David mellor box set of the week
The 333 years since the birth of J S Bach isn’t really an anniversary, merely an excuse. But who cares when this is a real milestone in the history of recorded sound: the issue of every known piece by Bach on 222 CDs, amounting to more than 280 hours of music.
In his own lifetime, J S Bach merely had a regional reputation. He became accepted as a truly great composer only after his rediscovery by Mendelssohn in the 1820s-30s. And it took a further century for chamber orchestras to emerge able to perform Bach’s greatest pieces in a way that does them justice.
Bach not only wrote great orchestral music, he also wrote great vocal and instrumental pieces. As for his keyboard music, it is the greatest-ever contribution to the organ repertoire. Although Bach lived for 65 years, the sheer scale of his productivity is astonishing, even by the standards of Mozart.
Speaking of Mozart, there is an obvious learning curve from this label’s 2016 box of Mozart’s complete works to this one.
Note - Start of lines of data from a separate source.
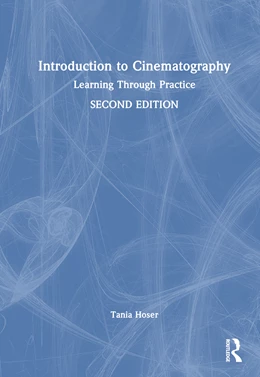 Abbildung von Hoser | Introduction to Cinematography | 1. Auflage | 2024 | beck-shop.de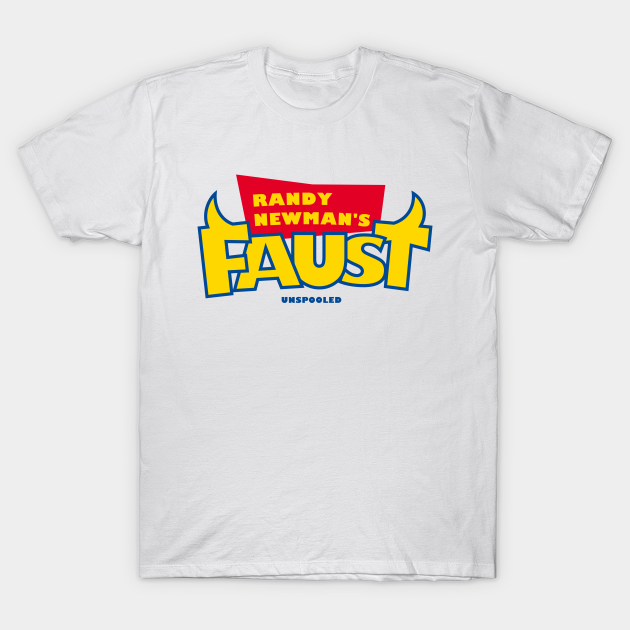 Randy Newman's Faust - Unspooled Podcast - T-Shirt | TeePublic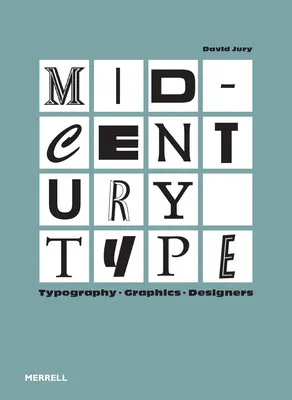Mid-Century Type: Typografia, grafika, projektanci - Mid-Century Type: Typography, Graphics, Designers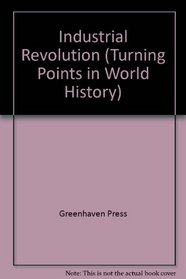 Industrial Revolution (Turning Points in World History)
This Bach box wins through in the choices of recordings, based around historically informed performances, but including more than 50 CDs of recordings either employing modern instruments or of real historical significance. I would not want to be without modern piano performances by the likes of Andras Schiff, Martha Argerich and Alfred Brendel. Nor historic performances by artists like Adolf Busch, Albert Schweitzer, Pablo Casals and Glenn Gould.
The issue is extremely well documented, with a lavishly illustrated biography of Bach. It isn’t cheap, retailing at more than £300, but it’s worth every penny if you can afford it.